• **About this exercise**
Using the records below, copy exactly the part that opens with the line holding "Hi everyone, here's" and closes with the line holding "Once you're logged", minus the pictures.

Stored data:
──────────────────────────────

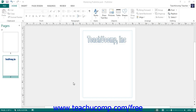Publisher provides you with a quick and easy way to create a product catalog by using the catalog pages feature. This feature will allow you to create a product catalog that contains information such as product name, description, price, and picture. Once you have that information, you can easily merge it into the catalog pages in Publisher to create a custom product catalog.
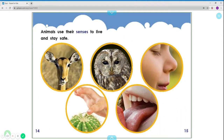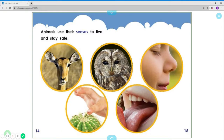Animals use their senses to live and stay alive. They use their sense of sight and their legs to run away from predators. They use their eyes to find food from a long distance when flying. We use our nose to smell predators or dangerous things like smoke. We use our sense of touch to tell if something is soft or hard, or hot and cold, so we don't get hurt. Then we use our mouth to chew our food and taste.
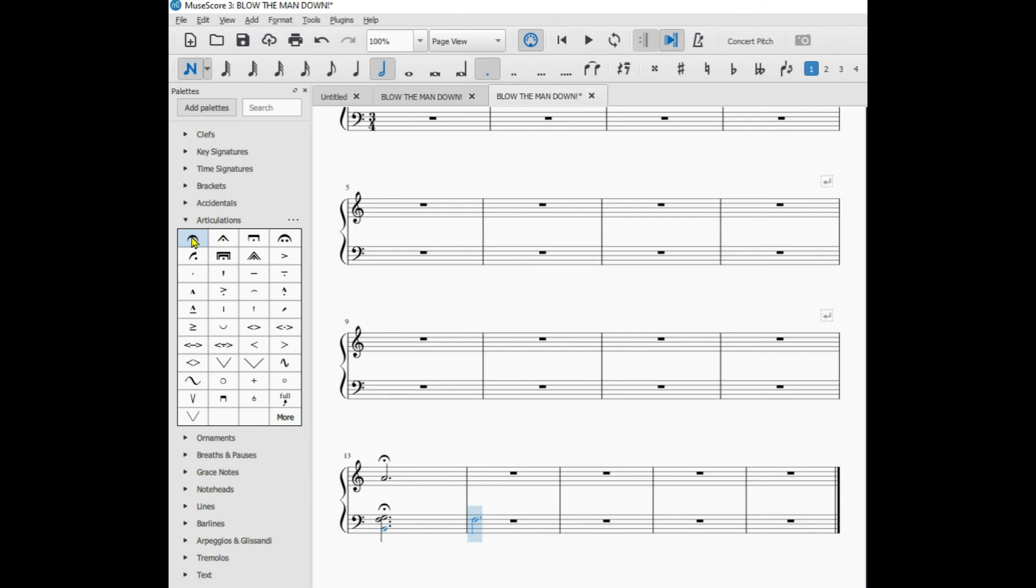Remember the fermata again extends the value of the notes. Notice the time signature is 3/4, the half note would get two beats, the dotted half note three beats.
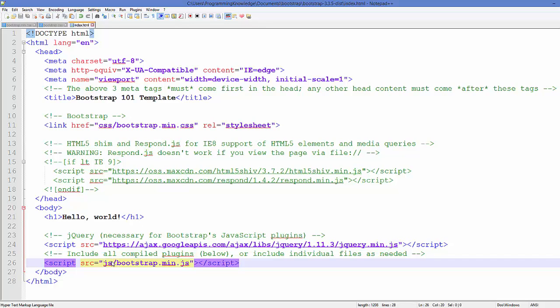So this is how you can download and install Bootstrap and run your first Bootstrap HTML page. I hope you have enjoyed this video. Please rate, comment, and subscribe, and bye for now.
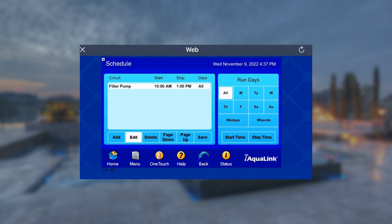Finally, we can select the days we want the schedule to run. You can select all days, individual days, weekends, and or weekdays.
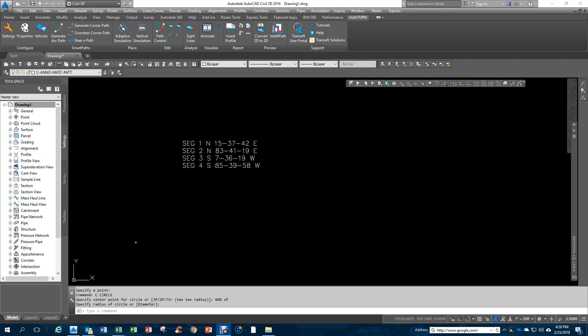I'm going to put together a quick video for Metes and Bounds surveying. I've got my four segments here that I want to do, and I've got a starting point right down in the lower left-hand corner.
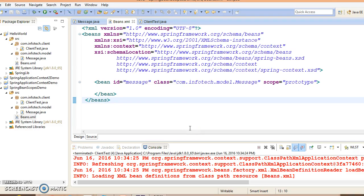Hello friends, this is Kishan again. In the previous tutorial we have seen how to set a Spring bean scope as singleton or prototype using XML.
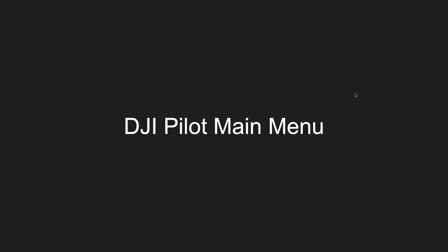Alright, talking about the DJI Pilot app's main menu today. Believe it or not, there's quite a lot to talk about and some vital features that are part of this main menu, so we'll jump right into it.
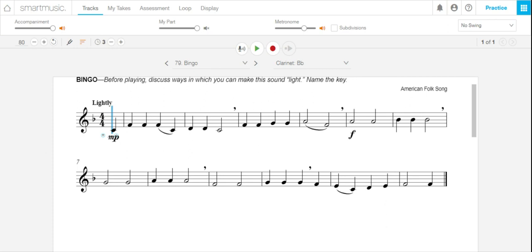Hi everyone, here's a quick Smart Music tip for you. If you're looking at the music and you see a note that you don't know the fingering for, or if you think you're not playing it right and you need to know what it sounds like, you can click on the note.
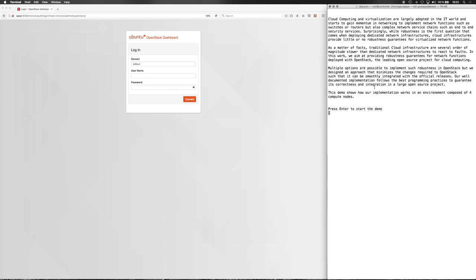Cloud computing and virtualization are largely adopted in the IT world and start to get momentum in networking to implement network functions such as switches or routers, but also complex network service chains such as end-to-end security services.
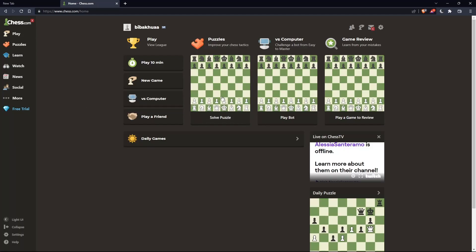Once you're logged in or just created your account, you'll find yourself on the home screen or main screen of chess.com.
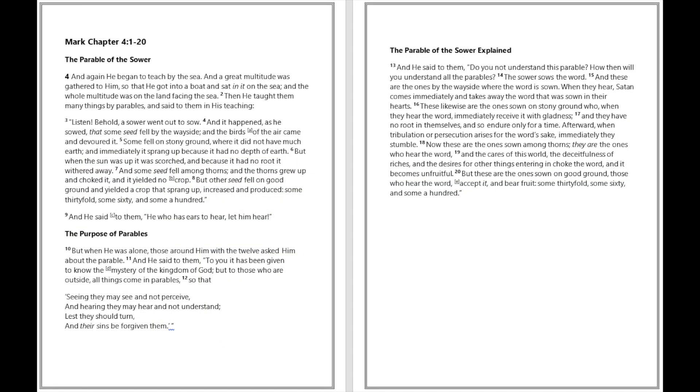Mark chapter 4. And again, he began to teach by the sea. And a great multitude was gathered to him, so that he got into a boat and sat in it on the sea, and the whole multitude was on the land facing the sea. Then he taught them many things by parables, and said to them in his teaching, Listen. Behold, a sower went out to sow and it happened, as he sowed, that some seed fell by the wayside, and immediately it sprang up because it had no depth of earth.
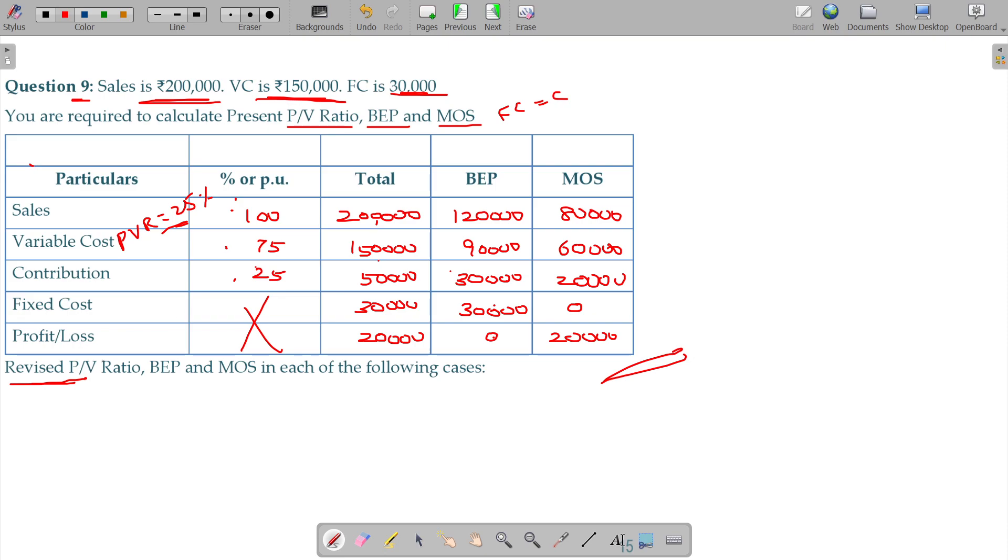So, we have to find out revised PBR, BEP and MOS in each of the following cases.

──────────────────────────────

• **Task solution**
Hi everyone, here's a quick Smart Music tip for you. If you're looking at the music and you see a note that you don't know the fingering for, or if you think you're not playing it right and you need to know what it sounds like, you can click on the note.
Cloud computing and virtualization are largely adopted in the IT world and start to get momentum in networking to implement network functions such as switches or routers, but also complex network service chains such as end-to-end security services.
Once you're logged in or just created your account, you'll find yourself on the home screen or main screen of chess.com.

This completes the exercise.